Han terminado unos Juegos Olímpicos que nos han dejado, además de una sucesión de medallas y diplomas, la imagen desconsolada de la coreana Shin A-Lam, llorando durante cuarenta minutos sobre la pista en la que acababa de ser descartada para la final de su especialidad porque el cronómetro eternizó el último segundo. Años de entrenamiento, esfuerzo y sacrificios chocan contra un cronómetro infiel a su misión. Reloj, no marques las horas.

¿O fue el destino? Al parecer, Shin se enfrentaba al último lance con ventaja sobre su rival porque, tras empatar repetidamente en los tres tiempos anteriores, el reglamento del esgrima determina que, para evitar la igualdad al terminar el cuarto –y último- tiempo, el vencedor será el que previamente haya señalado una moneda lanzada al aire. Y esa moneda, antes de comenzar ese último tiempo, señaló a Shin como la afortunada.

¿Afortunada? Antes que cualquier otra consideración, la derrota de Shin ejemplifica la importancia del azar. Hay muchas cosas en nuestras vidas que no elegimos nosotros. Hacemos proyectos sin parar, de mayor o menor envergadura: vamos a ir al cine esta tarde, vamos a hacer una paella el domingo, vamos a ganar una medalla en los Juegos Olímpicos. Pero a esos proyectos se superponen luego otros contenidos que resultan azarosos. Y cuando asistimos a las lágrimas de Shin pensamos que el azar es un obstáculo que descalabra nuestros planes, que da al traste con nuestras aspiraciones. Es algo que nos desazona, porque pone de manifiesto que no somos los dueños absolutos de nuestro futuro, que existen rendijas por las que nos escapamos de nuestras manos. Y eso, en un tiempo en el que prima la necesidad de seguridad, de tenerlo todo calculado, de evitar la sorpresa, lo imprevisto, es inquietante: nuestro poder no es absoluto, nos zarandea el azar. El azar, que creemos que es algo aleatorio, indiferente, pero que los ingleses, organizadores de estos Juegos, saben que implica riesgo, que en el “hazard” está escondido el peligro.
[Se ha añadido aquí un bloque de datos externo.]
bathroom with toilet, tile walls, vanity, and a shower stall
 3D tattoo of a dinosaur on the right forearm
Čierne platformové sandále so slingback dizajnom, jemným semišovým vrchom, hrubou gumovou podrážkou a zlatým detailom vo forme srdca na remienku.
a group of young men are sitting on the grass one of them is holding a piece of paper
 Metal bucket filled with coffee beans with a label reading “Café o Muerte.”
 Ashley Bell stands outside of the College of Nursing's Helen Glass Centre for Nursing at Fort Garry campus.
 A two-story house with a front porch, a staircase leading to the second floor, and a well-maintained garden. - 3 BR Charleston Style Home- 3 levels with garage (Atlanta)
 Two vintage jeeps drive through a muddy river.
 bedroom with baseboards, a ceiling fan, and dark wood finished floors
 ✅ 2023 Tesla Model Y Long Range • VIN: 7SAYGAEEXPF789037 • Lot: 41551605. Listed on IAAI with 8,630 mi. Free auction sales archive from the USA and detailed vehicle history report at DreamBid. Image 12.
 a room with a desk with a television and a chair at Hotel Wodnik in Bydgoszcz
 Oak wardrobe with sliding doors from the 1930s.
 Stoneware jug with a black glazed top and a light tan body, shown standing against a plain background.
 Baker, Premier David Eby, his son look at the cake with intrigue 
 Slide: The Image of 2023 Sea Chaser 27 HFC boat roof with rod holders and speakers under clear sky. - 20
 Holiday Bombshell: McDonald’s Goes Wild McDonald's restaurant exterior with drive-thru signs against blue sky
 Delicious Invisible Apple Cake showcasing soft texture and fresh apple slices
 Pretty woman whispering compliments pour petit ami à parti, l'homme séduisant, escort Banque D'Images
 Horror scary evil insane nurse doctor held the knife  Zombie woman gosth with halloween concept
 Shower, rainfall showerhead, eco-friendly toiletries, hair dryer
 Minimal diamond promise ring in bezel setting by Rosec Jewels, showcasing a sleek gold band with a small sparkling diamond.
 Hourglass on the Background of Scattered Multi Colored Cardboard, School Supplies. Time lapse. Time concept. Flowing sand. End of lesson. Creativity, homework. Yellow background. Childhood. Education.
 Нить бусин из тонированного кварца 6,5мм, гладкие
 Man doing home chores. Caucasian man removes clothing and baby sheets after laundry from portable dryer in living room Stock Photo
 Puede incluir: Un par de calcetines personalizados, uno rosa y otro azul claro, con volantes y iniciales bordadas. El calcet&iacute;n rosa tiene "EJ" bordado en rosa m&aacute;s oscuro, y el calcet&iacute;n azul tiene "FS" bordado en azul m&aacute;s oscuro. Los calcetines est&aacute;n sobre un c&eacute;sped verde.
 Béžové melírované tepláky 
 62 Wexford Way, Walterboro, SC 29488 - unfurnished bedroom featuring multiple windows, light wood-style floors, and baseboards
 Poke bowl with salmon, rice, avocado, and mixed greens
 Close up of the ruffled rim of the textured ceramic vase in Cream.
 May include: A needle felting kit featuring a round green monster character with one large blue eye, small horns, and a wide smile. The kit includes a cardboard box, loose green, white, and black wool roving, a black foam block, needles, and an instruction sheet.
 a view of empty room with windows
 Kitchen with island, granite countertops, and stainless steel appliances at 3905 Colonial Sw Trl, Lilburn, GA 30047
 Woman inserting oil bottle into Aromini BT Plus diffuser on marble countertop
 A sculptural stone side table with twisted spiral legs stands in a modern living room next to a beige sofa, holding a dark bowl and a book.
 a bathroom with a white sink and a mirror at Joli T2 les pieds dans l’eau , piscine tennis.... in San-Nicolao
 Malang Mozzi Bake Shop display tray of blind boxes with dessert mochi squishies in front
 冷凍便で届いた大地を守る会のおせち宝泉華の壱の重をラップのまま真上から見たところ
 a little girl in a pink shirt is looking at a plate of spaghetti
Por eso nos rebelamos contra él e intentamos eliminarlo de nuestras vidas. Y, como en aquellos viejos trenes que tenían un cartel en el que se leía “Prohibido asomarse al exterior”, nos encerramos en nosotros mismos y nos convertimos en mónadas sin ventanas revestidos de una coraza protectora que nos aísla. No sería malo si no fuera porque actuando así renunciamos a todas las posibilidades que el azar podría introducir en nuestras vidas y que harían que nuestro nivel biográfico llegase a ser más elevado de lo que resultará puramente de sacar adelante nuestros planes. Porque la irrupción del azar puede significar un enriquecimiento decisivo: nuestras previsiones y nuestra imaginación son incomparablemente más pobres que la plenitud de vida que se nos ofrece.

Unos padres eligen para su hijo una escuela determinada, una enseñanza concreta, una condición de los maestros que van a enseñarle: esa es su elección; pero encontrar allí a un compañero cuya amistad le acompañará durante toda su vida e influirá decisivamente en ella es algo completamente azaroso. Ofrecen a alguien un puesto de trabajo en tal ciudad, y la elección se basa en determinadas características de distancia, comunicaciones, clima, idioma,…; pero el hecho de que encuentre allí a la persona de la que va a enamorarse y con la que se va a casar no es algo elegido, sino, rigurosamente, un azar. Podemos poner ejemplos hasta cansarnos: si repasamos nuestra vida vemos el increíble número de elementos azarosos que la componen; si miramos hacia el futuro, la perspectiva es escalofriante.

Podría parecer que la presencia del azar en nuestra vida evita que ésta sea precisamente “nuestra”, pero esto sólo es una impresión. En realidad, es con el azar con lo que hacemos nuestra vida. Un mismo azar tiene significados distintos en las distintas vidas a las que afecta, porque cada biografía “adopta” ese azar y lo personaliza, se lo apropia; mi vida convierte ese azar en “mío”. Por eso, la consecuencia de renunciar al azar es descender de nivel, perder realidad personal, homogeneizarnos, despersonalizarnos, “cosificar” nuestra vida.

No, no es una buena idea blindarnos contra el azar y encerrarnos en nuestro cascarón. El espejismo de la seguridad no es más que eso: un espejismo. Y su precio es prohibitivo: la renuncia a llegar a ser uno mismo, el fracaso existencial.